With images removed, return the whole listing exactly as written.

### DATASET EXCERPT:
============

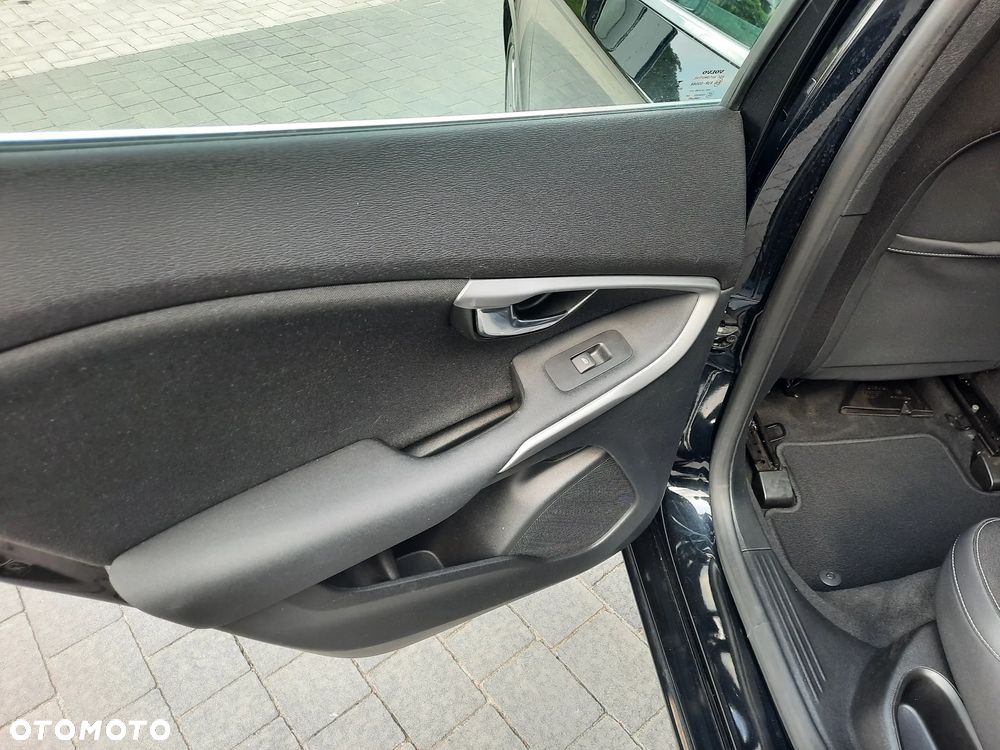 Volvo V40 D3 Momentum - 25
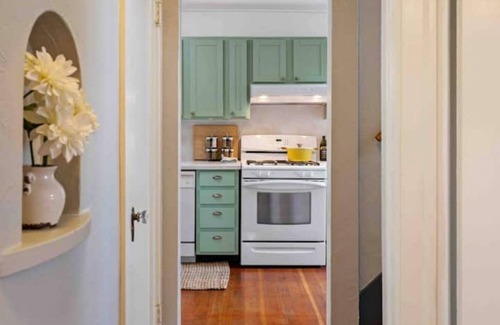 Downtown Vancouver Casa | Charming cottage in the city; walk to Main Street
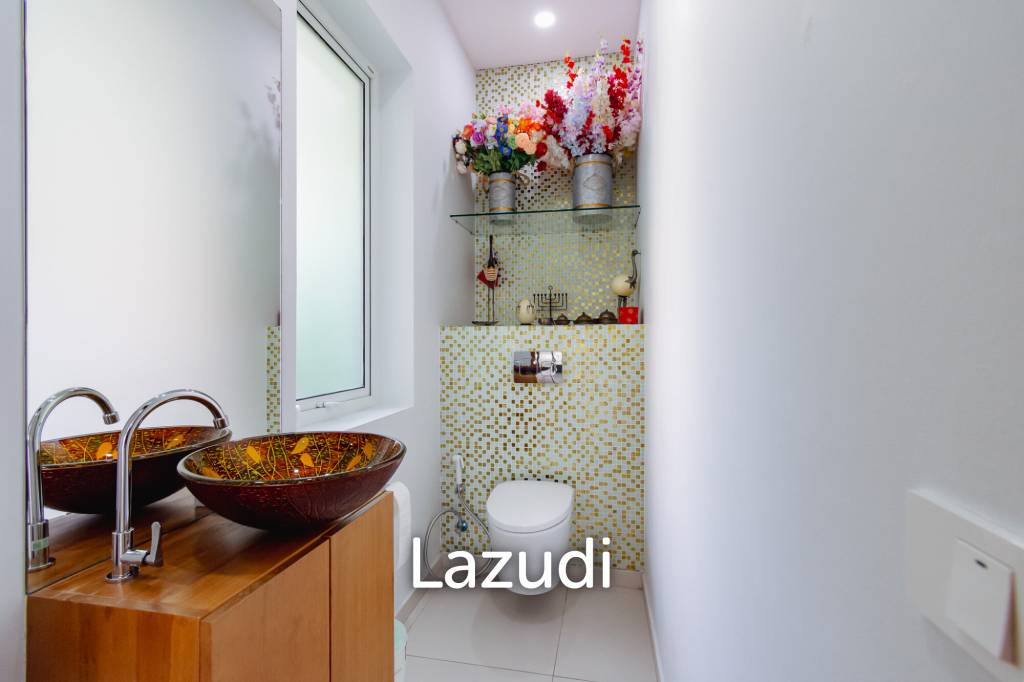 2,544 ตร.ม 3 เตียง 4 อาบน้ำ วิลล่า For ขาย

============

### WRITTEN ANSWER:
 Volvo V40 D3 Momentum - 25
 Downtown Vancouver Casa | Charming cottage in the city; walk to Main Street
 2,544 ตร.ม 3 เตียง 4 อาบน้ำ วิลล่า For ขาย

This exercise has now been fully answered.